# Latest Bodie pics



## Tritia (Nov 17, 2007)

Since I'm clearing my camera card, I figured I'd piggy back my thread with my boy's pics, with some new Bodie pics.
Poor Cooper got a HORRID haircut yesterday (I did it to him, :frusty

So, I won't be taking any of him for a few wks. 
But did snap a few of Bodie yesterday. Have I mentioned how nice it is to photograph a dog that isn't black?? lol


----------



## Tritia (Nov 17, 2007)

Here's a Cooper pic. Can't see the bad haircut while in motion 









And this is Coop before the horrible haircut, hehehe.


----------



## Me&2Girls (May 11, 2007)

Wow - good looking kids and dogs. I just love how Bodie is maturing - he's just so handsome!


----------



## LuvCicero (Mar 31, 2008)

Bodie is a cutie. I "love" that 3rd picture. Cooper looks as happy as Cicero does at times ound: From the look in his eyes, I think you must have had the scissors in your hands. :biggrin1:


----------



## juliav (Nov 21, 2006)

I can't see the picutres..:Cry:


----------



## maryam187 (Jul 18, 2007)

:jaw: Bodie is absolutely STUNNING!!!


----------



## MaddiesMom (Apr 1, 2007)

juliav said:


> I can't see the picutres..:Cry:


Me neither! :Cry: (I've even trying logging off and on....doesn't help).


----------



## Tritia (Nov 17, 2007)

Gosh, I don't know why some are seeing them..others aren't. 
This sucks.
Photobucket was having some problems earlier. Could it be that they were uploaded while that was going on??


----------



## MaddiesMom (Apr 1, 2007)

Tritia said:


> Gosh, I don't know why some are seeing them..others aren't.
> This sucks.
> Photobucket was having some problems earlier. Could it be that they were uploaded while that was going on??
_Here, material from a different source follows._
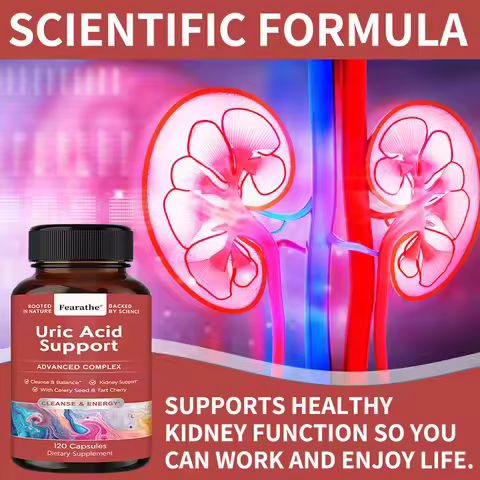Uric Acid Formula - with Chanca Piedra & Vitamin B6,Uric Acid Detox Cleanse,Kidney Health Support Su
Tritia- I don't know why some of us can't see. I can see Susan's picture of Rumor on her thread, but can't see your pics or havajava's picture of her new puppy!


----------



## Tritia (Nov 17, 2007)

Just tried to log on to photobucket again. And I can't even get the site to come up..hmmm


----------



## ama0722 (Nov 28, 2006)

Awww, he is growing up so nice and looks like he fits in so well. But come on I want to see pics of the bad hair cut!!!


----------



## Posh's Mom (Dec 20, 2007)

How many of you are using Macs? I see all of the pics just fine...


----------



## pjewel (Apr 11, 2007)

I just love Bodie, but then again I've been in love since the very first time I saw him. He gets more beautiful by the day.


----------



## Posh's Mom (Dec 20, 2007)

Tritia will you quit already with your gorgeous family?! Ha. Just kidding. Keep those beautiful pics coming. I'm trying to make room on my computer so I can share some too. I love your boys and Daisy, the queen bee.


----------



## mintchip (Apr 19, 2007)

Posh's Mom said:


> How many of you are using Macs? I see all of the pics just fine...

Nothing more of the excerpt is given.